Dit jaar behoort onze 91-jarige partijgenoot De Boon tot de jubilarissen in onze afdeling. Volgens de centrale ledenadministratie trad hij op 1 januari 1956 toe tot onze partij. Dat was voor onze voorzitter Peter Versluis en mij aanleiding hem zaterdagmiddag 17 juli thuis te bezoeken om hem een felicitatiebrief van onze partijvoorzitter Nelleke Vedelaar te overhandigen en hem een Dreeslegpenning te overhandigen voor zijn 65-jarig lidmaatschap. Normaal gesproken huldigen wij onze jubilarissen op of rond 1 mei, de Dag van de Arbeid. Door de eerdere coronabeperkingen moeten wij hiervoor andere afspraken met onze jubilarissen maken.

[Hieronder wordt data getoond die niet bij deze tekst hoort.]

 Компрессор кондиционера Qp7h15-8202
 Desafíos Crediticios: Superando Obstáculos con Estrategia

Aan het begin van ons bezoek gaf hij ons al aan dat wij ook in deze tijd saamhorigheid nodig hebben. Door de technische vooruitgang ontmoeten we elkaar niet zo vaak meer. Hierdoor dreigen we elkaar uit het oog te verliezen. In het wat verre verleden was het normaal dat je bij elkaar langs de deur kwam, bijvoorbeeld voor het innen van de maandelijkse contributie. Nu moeten we veel meer moeite doen om regelmatig met elkaar in contact te blijven om een gevoel van saamhorigheid te krijgen.

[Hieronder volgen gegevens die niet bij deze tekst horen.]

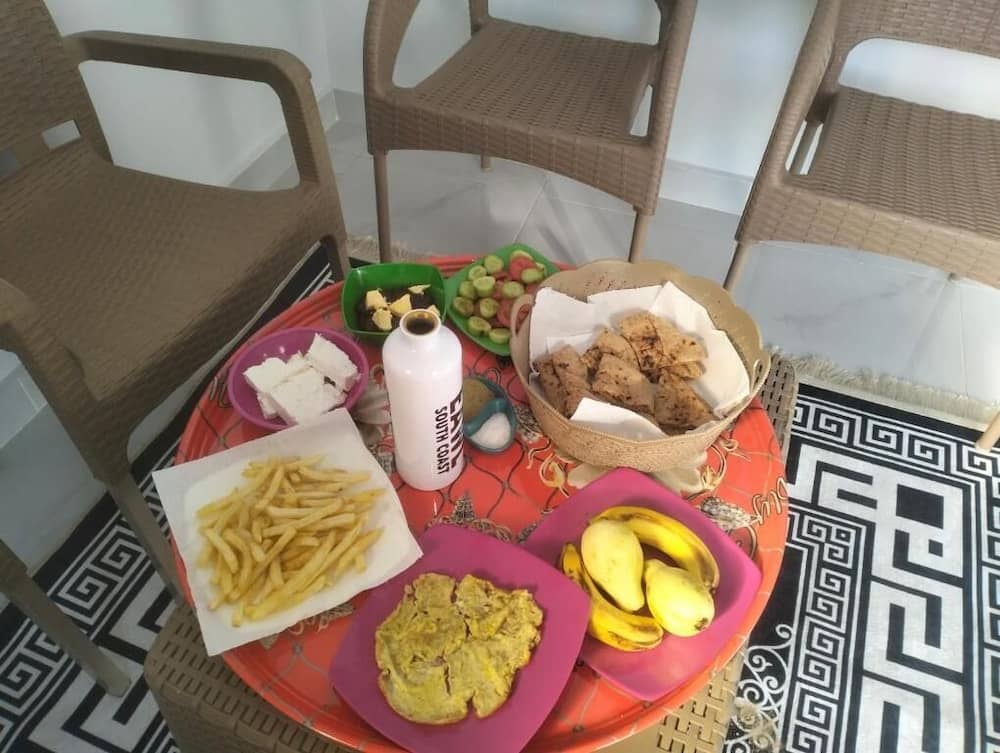 Onaty Narty Guest House — 3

De band met onze partij via haar voorloper de Sociaal-Democratische Arbeiderspartij (SDAP) had hij al als kleine jongen toen hij voor de Tweede Wereldoorlog zijn vader meehielp bij het verspreiden van propagandamateriaal in Rotterdam Zuid. Na deze oorlog toen de Arbeiders Jeugd Centrale (AJC) herleefde, werd hij hierin actief o.a. als bestuurslid van de groep Frankendaal van Rotterdam Vreewijk. Dit was de jeugdbeweging van de SDAP, later PvdA en het Nederlandse Verbond van Vakverenigingen (NVV, voorloper van de huidige FNV). Pas later toen hij al enige tijd werkte, werd hij via een vriend lid van de PvdA.

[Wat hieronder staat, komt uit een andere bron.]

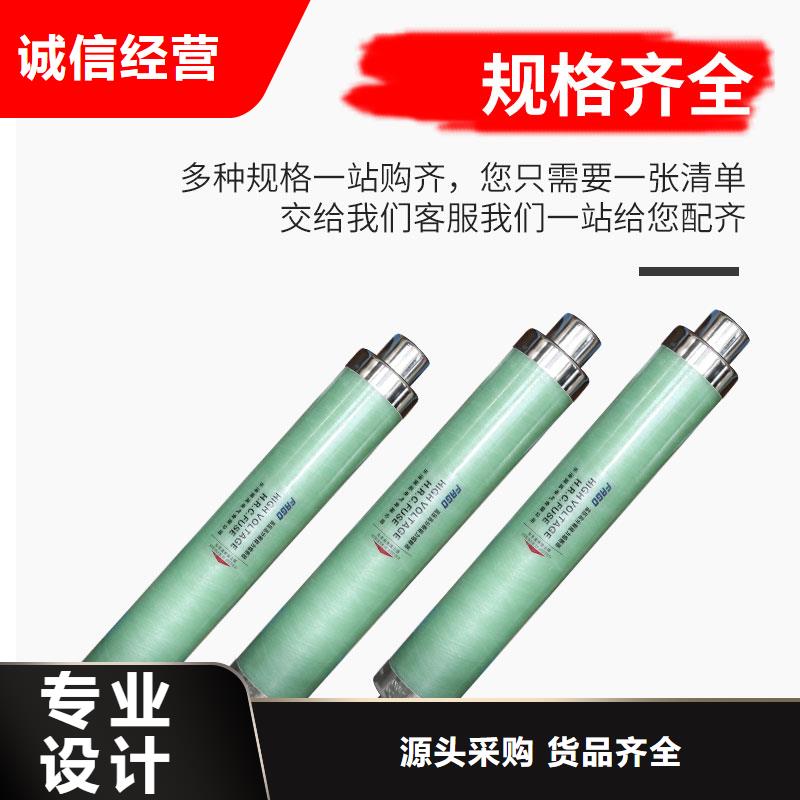 RN1-6/300双管限流熔断器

In zijn lange werkzame leven, te beginnen als leerling banketbakker, via fijn metaalvormer, Fokker en Hunter Douglas stond bij hem toewijding, maar ook rechtvaardigheid voorop. Dus geen extra werkuren of grotere verantwoordelijkheid zonder bijbehorende betaling. Niet voor niets nam hij deel aan het vakbondswerk, o.a. in de Ondernemingsraad. Later na zijn vervroegde pensionering ging hij helemaal op in het vrijwilligerskant van dit werk, waarbij zijn vrouw hem terzijde stond. Met ontroering vertelde hij ons hoe zij op een bijeenkomst letterlijk in het middelpunt stonden om bedankt te worden voor het werk dat zij hebben verricht. In april 2008 heeft hij voor zijn vele vrijwilligerswerk een koninklijke onderscheiding ontvangen. Hier kan hij nog steeds met dankbaarheid op terugkijken.
Bij de uitreiking van de Dreeslegpenning, vertelde hij ons dat hij ooit nog met de AJC langs de woning van Drees aan de Haagse Beeklaan heeft gemarcheerd. Daarmee hebben we tijdens ons bezoek die middag een hele lange tijdspanne overbrugd.